For this exercise, write out every entry exactly and leave the pictures out.
(Records for processing)
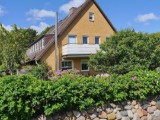 Objekt Nr.: 552-203555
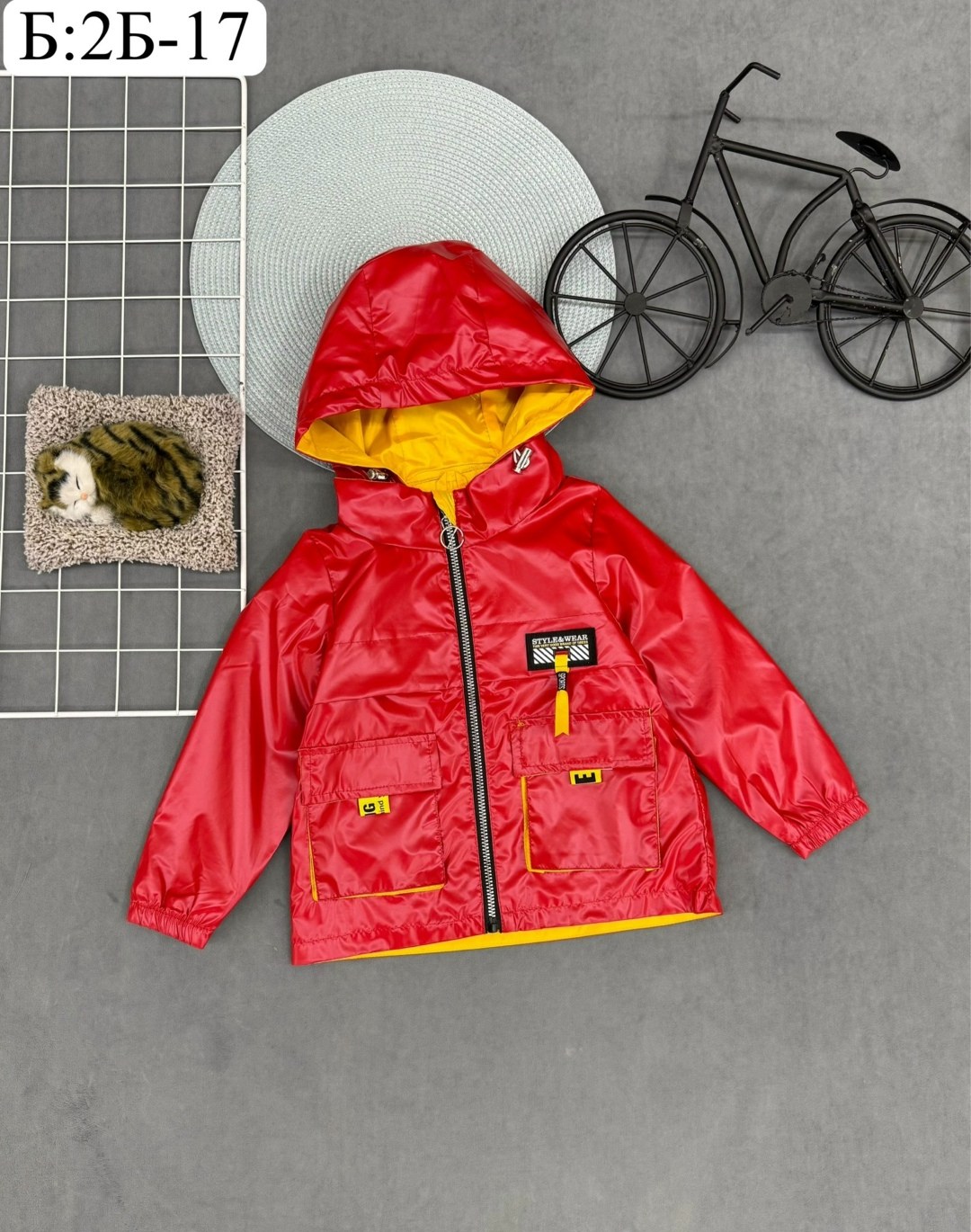 демисезонная куртка,куртка для мальчика,куртка,детская куртка,куртка демисезонная на мальчика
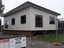 23 Heyders Road, Spencerville, Christchurch - Carousel 1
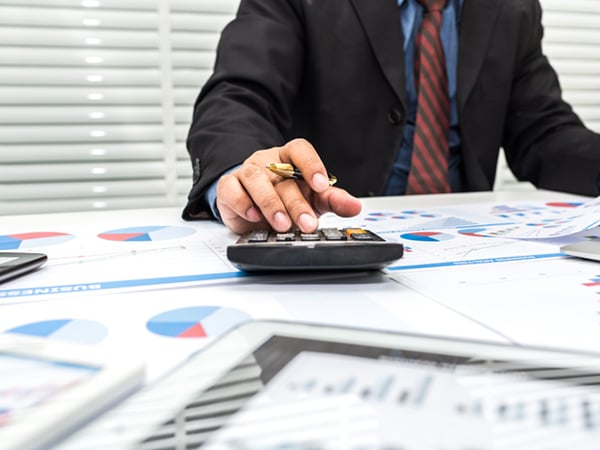 Can You Sell My Business?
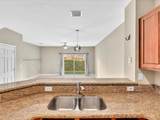 8108 17th Ct - Photo 18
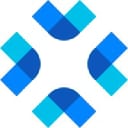 BNXT logo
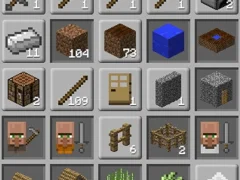 Laro Grindcraft online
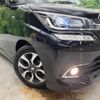 suzuki solio 2018 -SUZUKI--Solio DAA-MA36S--MA36S-677445---SUZUKI--Solio DAA-MA36S--MA36S-677445- image 13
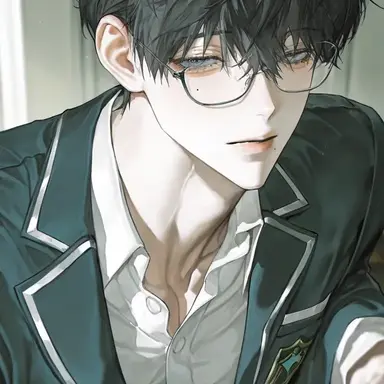 Profile image of 玲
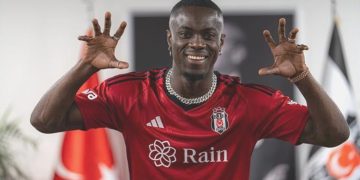 Bailly birinci 11’de başlayacak mı? Şenol Güneş açıkladı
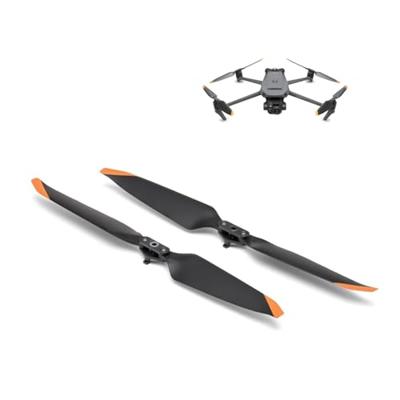 DJI Mavic 3 Enterprise Series Propellers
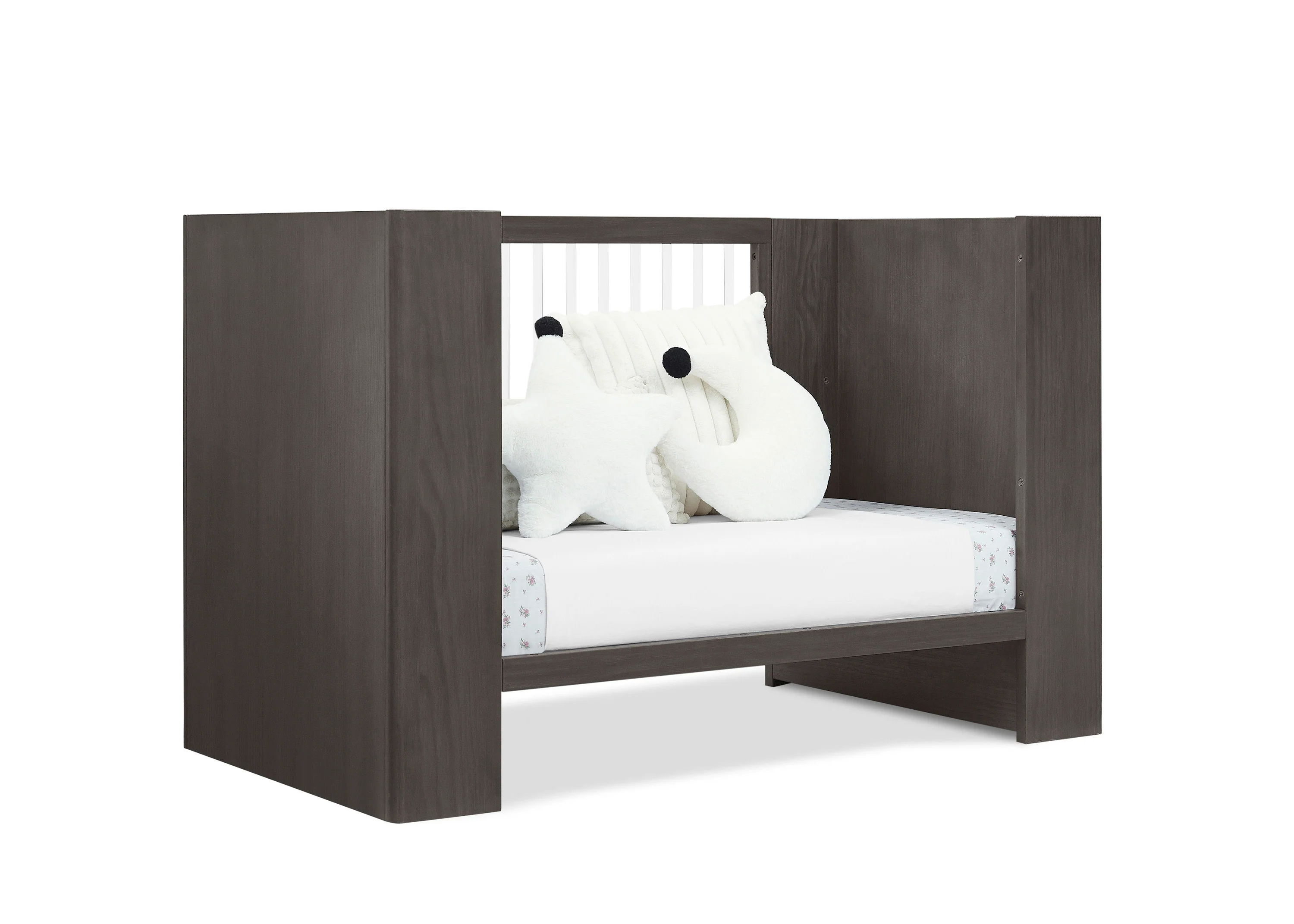 Aerin 4-in-1 Convertible Crib - Image 13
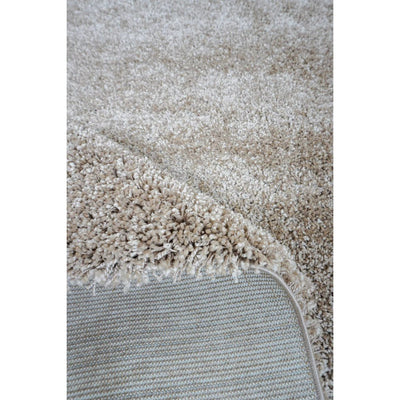 Vloerkleed Milano Beige 200 x 290 cm by Veer Carpets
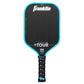 Franklin FS Tour Dynasty Pickleball Paddle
(End Records for processing)
» **Result**:
 Objekt Nr.: 552-203555
 демисезонная куртка,куртка для мальчика,куртка,детская куртка,куртка демисезонная на мальчика
 23 Heyders Road, Spencerville, Christchurch - Carousel 1
 Can You Sell My Business?
 8108 17th Ct - Photo 18
 BNXT logo
 Laro Grindcraft online
 suzuki solio 2018 -SUZUKI--Solio DAA-MA36S--MA36S-677445---SUZUKI--Solio DAA-MA36S--MA36S-677445- image 13
 Profile image of 玲
 Bailly birinci 11’de başlayacak mı? Şenol Güneş açıkladı
 DJI Mavic 3 Enterprise Series Propellers
 Aerin 4-in-1 Convertible Crib - Image 13
 Vloerkleed Milano Beige 200 x 290 cm by Veer Carpets
 Franklin FS Tour Dynasty Pickleball Paddle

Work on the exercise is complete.